Pirelli a aussi dévoilé récemment un pneu qui se veut très polyvalent, le Cinturato Evo TLR. Fabriqué en Italie dans l’usine Pirelli de Bollate près de Milan, ce modèle est un pneu tubeless-ready conçu pour être utilisé sur route ou pour le gravel ou les déplacements vélo-travail. “Ce nouveau pneu se décline dans de nombreuses dimensions allant de 28 à 55 mm (!), idéales pour tous ceux qui souhaitent sortir des chaussées goudronnées, mais sans renoncer à la fluidité d’un pneu au dessin « slick », que la surface soit en asphalte ou non “, précise le communiqué de presse.
Pour conclure
Pour nous, cela ne fait aucun doute, le caractère polyvalent des vélos Allroad va séduire un nombre important de cyclistes. Les performances de ces vélos sont très honorables et le confort est au rendez-vous. Il restera des cyclistes qui cherchent la performance exclusivement sur route. Il y aura aussi de fervents adeptes de gravel un peu engagé. Ce qu’on aime dans le Allroad, c’est justement l’absence de segmentation. L’accès à un terrain de jeu élargi, par ceux qui se dotent de ce type de vélo, est justement l’envie de ne pas entrer dans une case. En voyant sur nos routes le nombre de cyclistes qui roulent encore sur des vélos carbone de première génération avec des freins sur jantes étroites chaussées en 25, on se dit que pour eux le prochain vélo sera un Allroad. Ils pourront aller rouler sur des petites routes rugueuses parfois sur des chemins, loin des routes de plus en plus dangereuses. Ils seront moins “cassés” que sur leurs vieux coursiers archi raides. Ils descendront les cols sans appréhension et ils monteront les pentes les plus raides avec des ratios plus adaptés que les vieilles transmissions compactes. Sur ces vélos moins exigeants, ils retrouveront le plaisir de pédaler sans rien concéder à la performance. Nous n’avons pas parlé des VAE route Allroad, mais les conclusions seraient les mêmes concernant les vélos assistés de ce type.
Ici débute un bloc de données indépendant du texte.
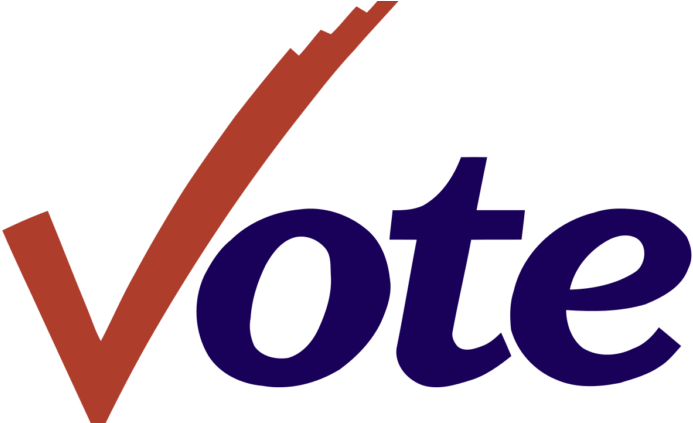 風格化投票標誌 壁紙 — 大膽的紅色剔號覆蓋在紫色「Vote」字樣上，背景為純黑色。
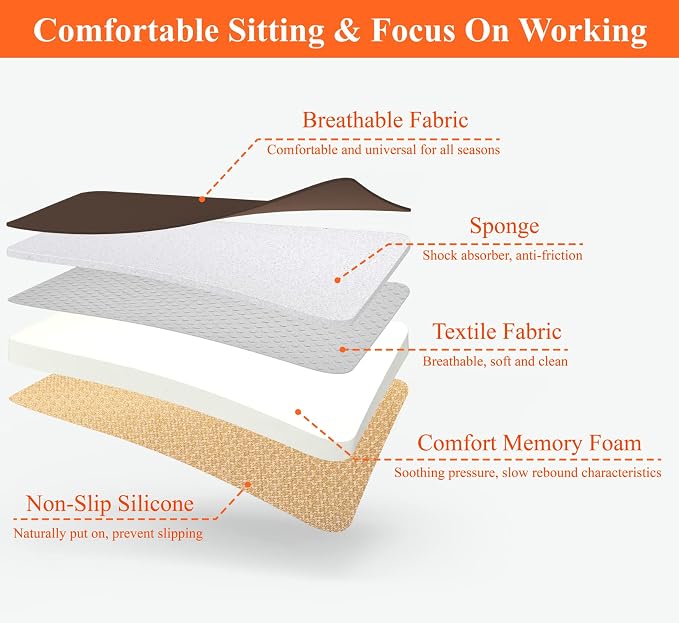 kingphenix Memory Foam Car Seat Cushion for Driver and Office Chair Comfort | 1.2-Inch-Thick Memory Foam Seat Pad, Soft, Breathable Fabric, Non-Slip Silicone Bottom for Long Drives and Office Use, Brown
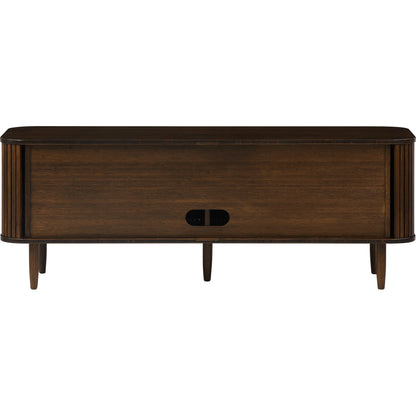 Carmel Console Table by Greenington in black walnut. Made from 100% solid moso bamboo in a rustic style.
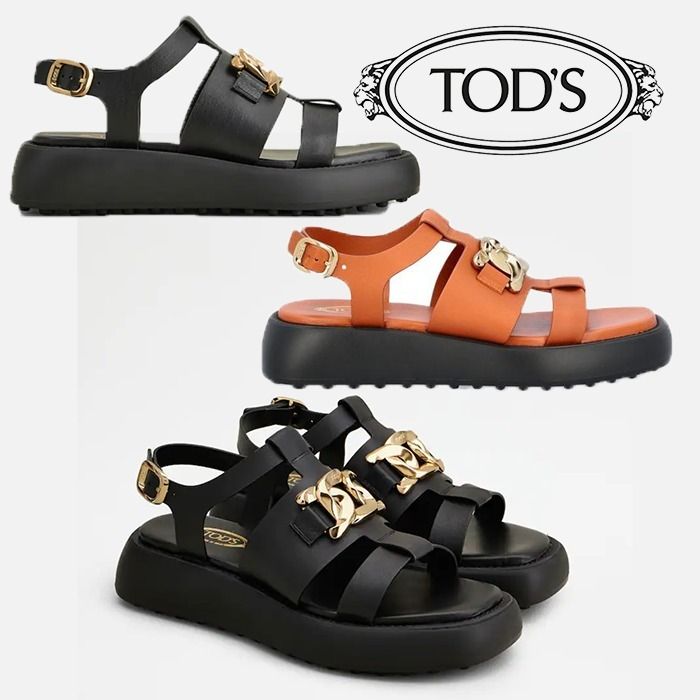 TOD'S トッズ レザー サンダル ブラック / ブラウン 関税込み (TOD'S 激安通販店 トッズ ブラックサンダル TOD'S サンダル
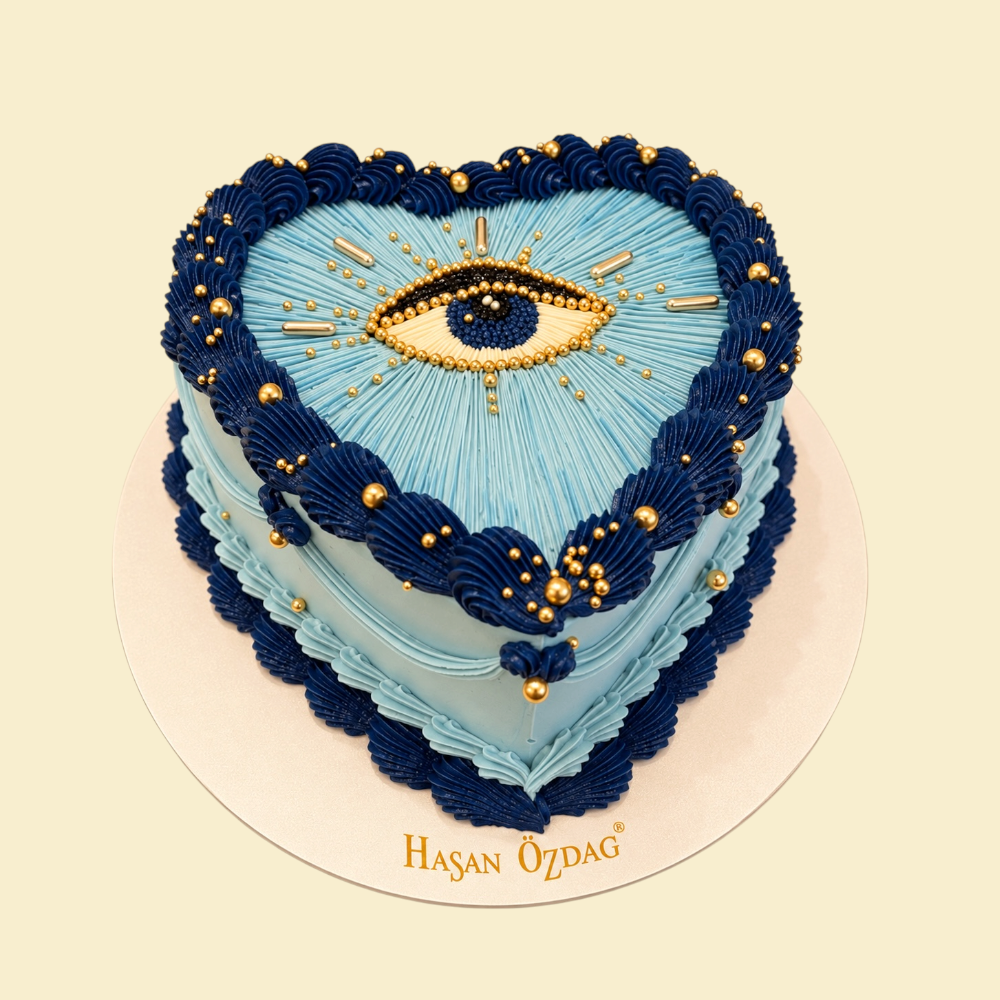 Nazar Herz Torte – Buttercreme Torte in Blau & Gold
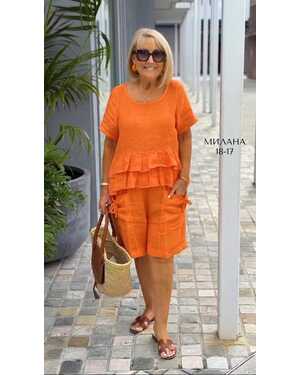 ЖЕНСКИЙ КОСТЮМ ТКАНЬ ЛЕН ПОЛИЭСТЕР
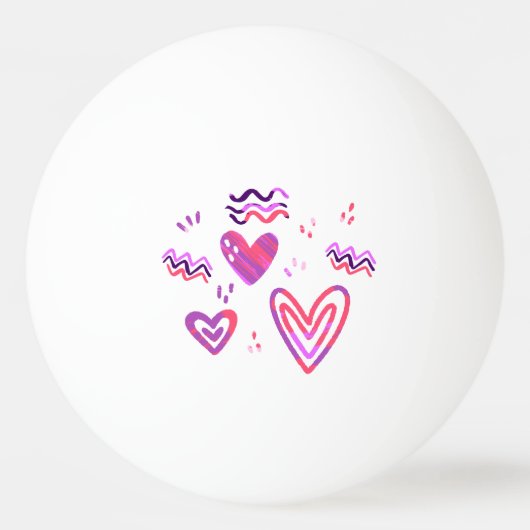 Handgezeichnetes rosa Herz Valentinmuster Tischtennisball (Rückseite)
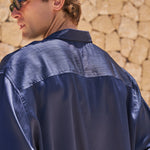 Sink Flow Satin Shirt in Navy
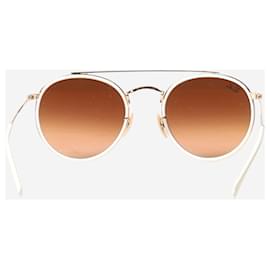 Autre Marque-White round double bridge sunglasses - size-White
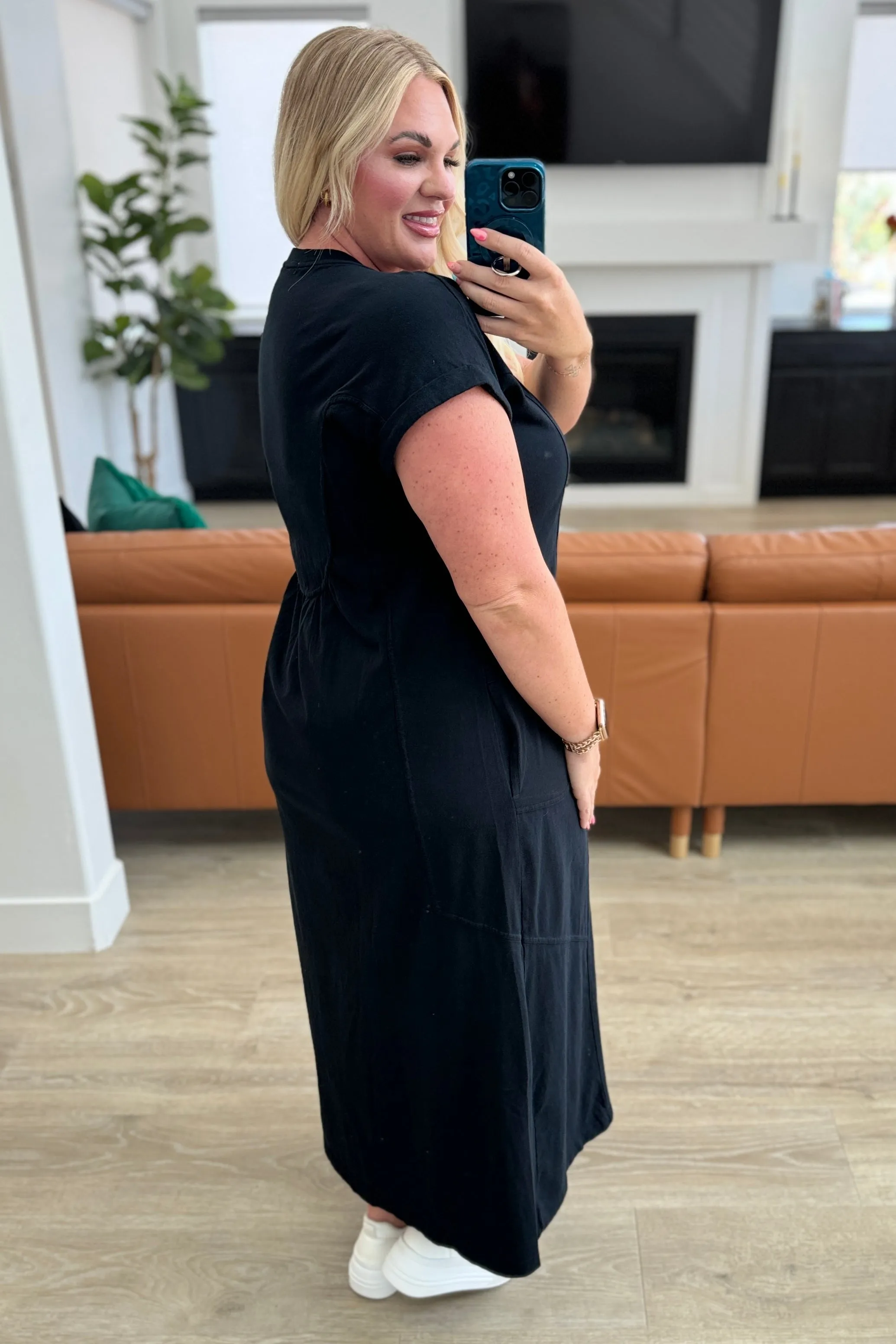 Modern Maritime Shift Maxi Dress in Black by Rae Mode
100% d’accord avec l’article et les citations de Patrick.
On ne parlerait pas de tout cela si les fabricants de vélo n’avaient pas choisi, pour développer leurs ventes, une stratégie de communication basée sur le concept simpliste (et faux) que “si c’est bon pour les pros, c’est bon pour moi” (qui ne suis pas compétiteur).
Ça satisfaisait tout le monde intéressé, commercialement parlant (équipes, coureurs, fabricants); mais c’était une supercherie (dans un milieu où elles pullulent) et ceux qui tentaient de la dénoncer étaient pris pour des “passéistes”. Certes, parmi eux, certains s’enfermaient dans des considérations totalement déconnectées de celles des pratiquants et qui tenaient plus à de l’idéologie sous la “direction” de l”‘apôtre” Paul de Vivie (Velocio), mais pour la plupart, les guéguerres passaient au-dessus de la tête du cycliste amateur lambda.
Donc, en gros, on revient à un marketing centré sur les besoins des clients. Ce qui devrait être une évidence pour tous les gens de bonne foi ne semble pas encore, en apparence, accepté par tous. Soit ceux qui ont à perdre dans cette évolution, soit ceux qui en ont fait des totems identitaires.
Peu importe, je pense comme vous que c’est irréversible.
Merci Vince … Effectivement un marketing centré besoins clients serait plus juste que toutes ces tentatives de segmentation qui brouillent les cartes. Dans ces tribus de marketeurs on vénère les totems identitaires, pensant ainsi grossir les ventes. On arrive à ne plus rien comprendre.